Open scottveirs opened 2 years ago

scottveirs commented 2 years ago

From Zoe via Orcasound leading up to 2022 Microsoft hackathon:

I found a few conflicting data points in the training annotation data over the weekend. The file is annotations.tsv from s3://acoustic-sandbox/labeled-data/detection/train/TrainDataLatest_PodCastAllRounds_123567910.tar.gz. There are 12 data files that are labeled both positive samples (starting_time=0, duration_s>0) and negative samples (starting_time=0, duration_s=0). The negative entries probably should be removed. See the screenshots blow. I don't think it would have a big impact on the training results (it's only 12 samples out of thousands) but it would be nice to clean it up with the upcoming hackathon. Or alternatively, if people are aware, they can also remove them manually while loading the data.
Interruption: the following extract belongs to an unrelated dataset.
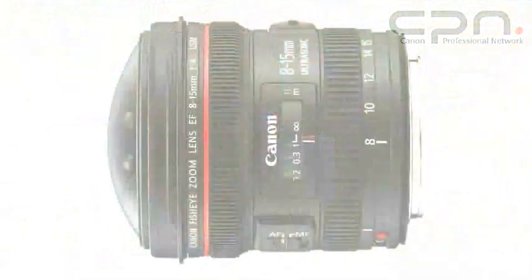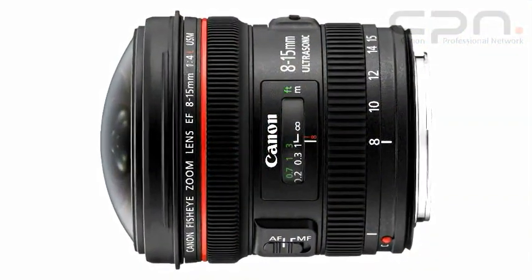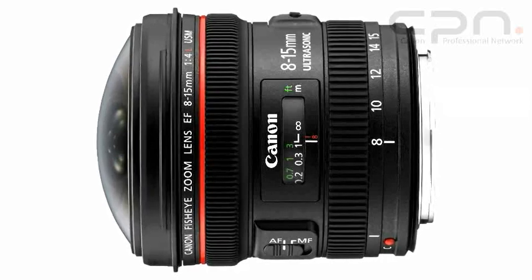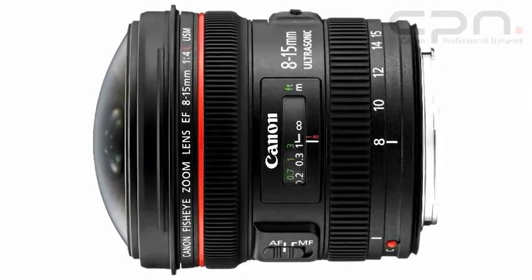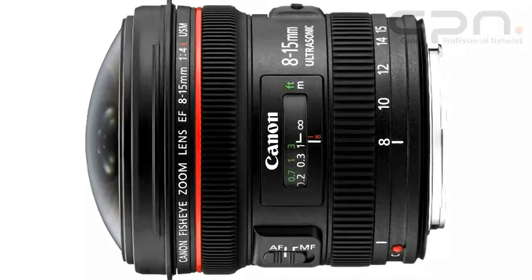Zooming out to 15mm, you now get the image fully covered over the whole of a full-frame sensor and you still keep a very wide angle of view to give you those creative views, for things like football matches and athletic stadia. The fisheye zoom lens features Canon's SWC sub-wavelength structure coating to really control flare and ghosting, which is a real problem with regular wide angle lenses.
If there's someone working on generating/updating the labeled data this year, I can also forward those to them.

training_overlap_neg

trainning_overlap_pos

scottveirs commented 2 years ago

@liu-zoe @akashmjn I added this as part of PodCast related challenges for the 2022 Microsoft hackathon here, but if we don't get to it I'll re-visit with the HALLO folks who are also trying to improve and increase the labeled data for SRKW calls.